Convert XML tags into Orange Textable annotations

Goal

Convert XML markup into Orange Textable data structures such as segments and their annotations.

Prerequisites

Some text containing XML markup has been imported in Orange Textable (see Cookbook: Text input) and possibly further processed (see Cookbook: Segmentation manipulation).

Ingredients

Widget Extract XML
Icon extract_xml_icon
Quantity 1

Procedure

Convert XML tags into Orange Textable annotations with an instance of Extract XML

Figure 1: Convert XML tags into Orange Textable annotations with an instance of Extract XML

  1. Create an instance of Extract XML on the canvas.
  2. Drag and drop from the output connection (righthand side) of the widget instance that emits the data containing XML markup (e.g.
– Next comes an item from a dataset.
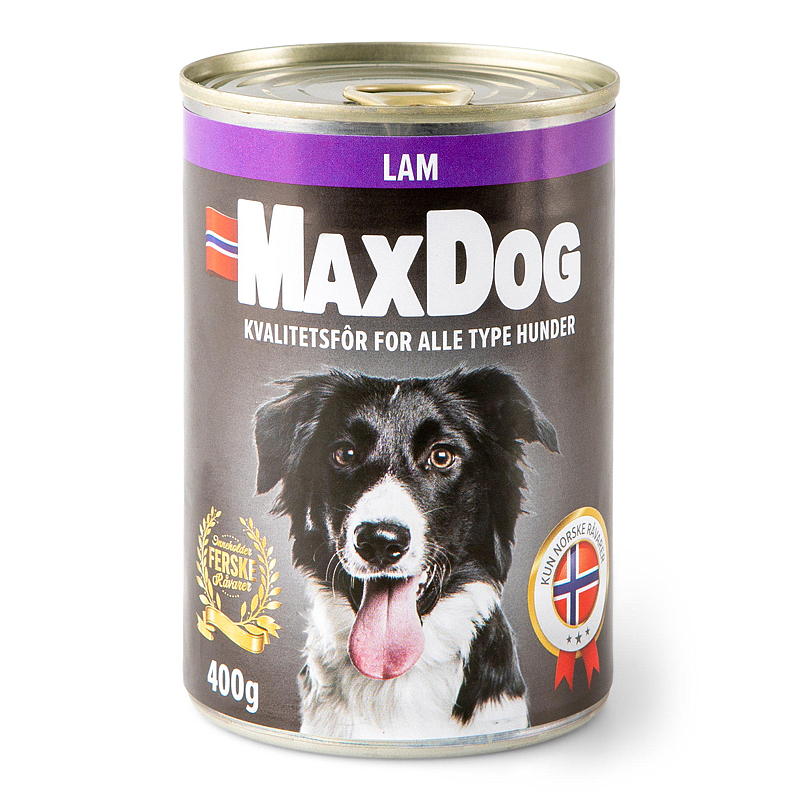 MaxDog Hundemat 400 g lam MaxDog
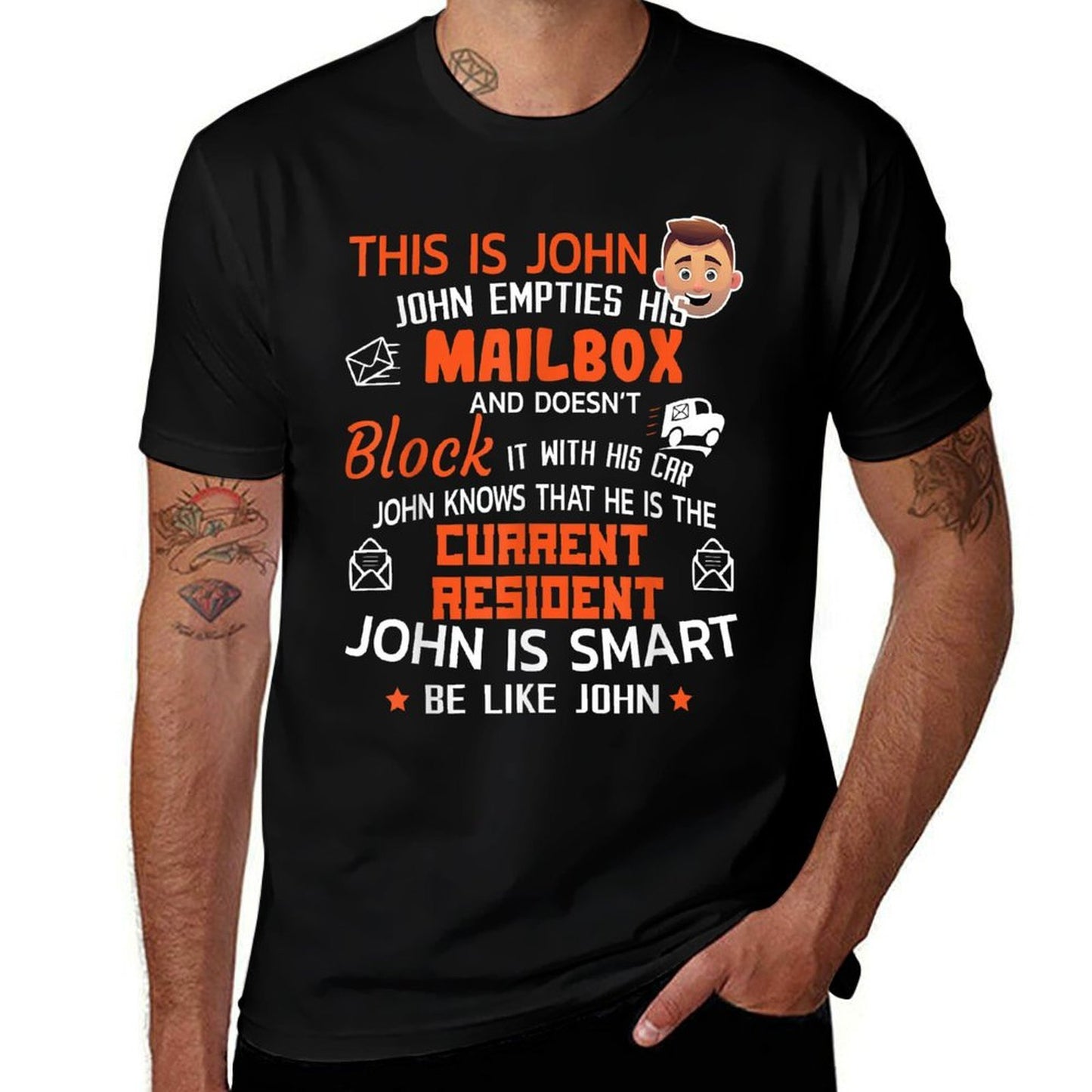 Funny Mail Carrier Gift For Postman Mailman Postal Worker Moisture-wicking T-Shirt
Text Field) to the Extract XML widget instance’s input connection (lefthand side).
  3. Open the Extract XML instance’s interface by double-clicking on its icon on the canvas.
  4. In the XML Extraction section, insert the desired XML element (here w).
  5. Click the Send button (or make sure the Send automatically checkbox is selected).
  6. A segmentation containing a segment for each occurrence of the specified tag is then available on the Segment instance’s output connections; to display or export it, see Cookbook: Text output.

Comment

  • The XML tags that have been retrieved are actually discarded from the resulting segmentation: only their content is included in the output.
  • The attributes of the XML tags are automatically converted to annotations associated with the created segments.
  • Note that it is only possible to extract instances of a single XML element type at a time (here w).
  • However, it is possible to chain several Extract XML instances in order to successively extract instances of different XML elements. For example, a first instance to extract div type elements, a second to extract w type elements, and so on. In this case, it is important to make sure that the Remove markup option is not selected.